Week 6: Kullback-Leibler Divergence

In the past lectures we have discussed exact inference methods, like Variable Elimination. We also discussed the issues associated with these methods in practice. In particular computational complexity while marginalizing over high-dimensional or continuous random variables.

To work with probabilistic models in practice, we develop methods to approximate the distributions of interest for inference.

Approximate Inference

Given the joint

\[p(X) = p(X_1, \dots, X_N) = p(X_{E}, X_{F}, X_{R})\]

we will want to perform inference involving the distribution

\[p(X_{F} \vert X_{E}).\]

Exact methods for marginalizing the required variables \(X_R\) and \(X_E\) is practically difficult. Instead we approximate either by sampling or variational methods. For now we will focus on developing the prerequisites for variational methods.

Goal of Approximate Inference

Approximate

\[p(X) = \frac{1}{Z} \tilde p(X)\]

with simpler distribution

\[q(X; \phi)\]

and adjust \(\phi\) so the distributions are close, \(p \approx q\). That is,

\[ \begin{aligned} \sum_x f(x) p(x) &\approx \sum_x f(x) q(x; \phi)\\ \mathbb{E}_{x \sim p(x)}\left[ f(x)\right] &\approx \mathbb{E}_{x \sim q(x; \phi)} \left[f(x) \right] \end{aligned} \]

Question: How to measure "close" between distributions?

Bad Idea: Euclidean Distance in Parameter Space

Suppose we have two Gaussian with same variance \(\sigma^2\) but different means \(\mu_1\) and \(\mu_2\). If we measure the closeness of these distributions by \(d(\mu_1,\mu_2)\).

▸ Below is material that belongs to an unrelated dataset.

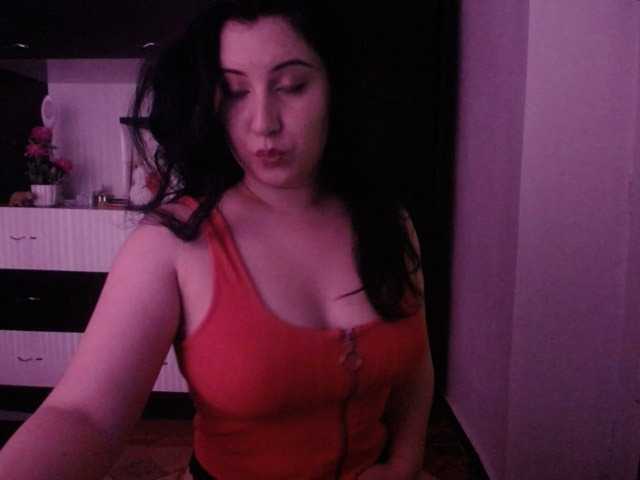 Fotky roxy4u #privat#naked#brunete#hot#dance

However, given small \(\sigma\) these distributions may share very little support, despite similar means. So we need a better idea!

Kullback-Leibler (KL) Divergence

A way to compare two distributions defined

\[ \begin{aligned} D_{KL}(q \vert \vert p) &= \mathbb{E}_{x \sim q(x)} \log \frac{q(x)}{p(x)}\\ &=\sum_{x}q(x)\log \frac{q(x)}{p(x)} \end{aligned} \]

With the properties

  1. \(D_{KL}(q \vert \vert p) \geq 0\)
  2. \(D_{KL}(q \vert \vert p) = 0 \iff q=p\)
  3. \(D_{KL}(q \vert \vert p) \neq D_{KL}(p \vert \vert q)\) KL-Divergence is Not a Distance Metric!

\(D_{KL}(q \vert \vert p)\) vs \(D_{KL}(p \vert \vert q)\)

To build intuition for difference between \(D_{KL}(q \vert \vert p)\) and \(D_{KL}(p \vert \vert q)\) we consider the difference between \(\log \frac{q(x)}{p(x)}\) and \(\log \frac{p(x)}{q(x)}\).

Reverse-KL Information Projection: \(D_{KL}(q \vert \vert p) = \mathbb{E}_{x \sim q(x)} \log \frac{q(x)}{p(x)}\):

  • \(p \sim q \implies \; D_{KL}\;\text{small}\)
  • \(p\; \text{large},\; q\; \text{small} \implies \; D_{KL}\;\text{small}\)
  • \(p\; \text{small},\; q\; \text{large} \implies \; D_{KL}\;\text{large}\)

\(\therefore\; D_{KL}(q \vert \vert p)\) penalizes \(q\) having mass where \(p\) has none.

Forward-KL Moment Projection: \(D_{KL}(p \vert \vert q) = \mathbb{E}_{x \sim p(x)} \log \frac{p(x)}{q(x)}\):

  • \(p \sim q \implies \; D_{KL}\;\text{small}\)
  • \(p\; \text{large},\; q\; \text{small} \implies \; D_{KL}\;\text{large}\)
  • \(p\; \text{small},\; q\; \text{large} \implies \; D_{KL}\;\text{small}\)

\(\therefore\; D_{KL}(p \vert \vert q)\) penalizes \(q\) missing mass where \(p\) has some.

Which direction of KL we use in practice?

The choice of direction in practice does not appeal to any notion of whether information or moment projection is a better idea of closeness between distributions.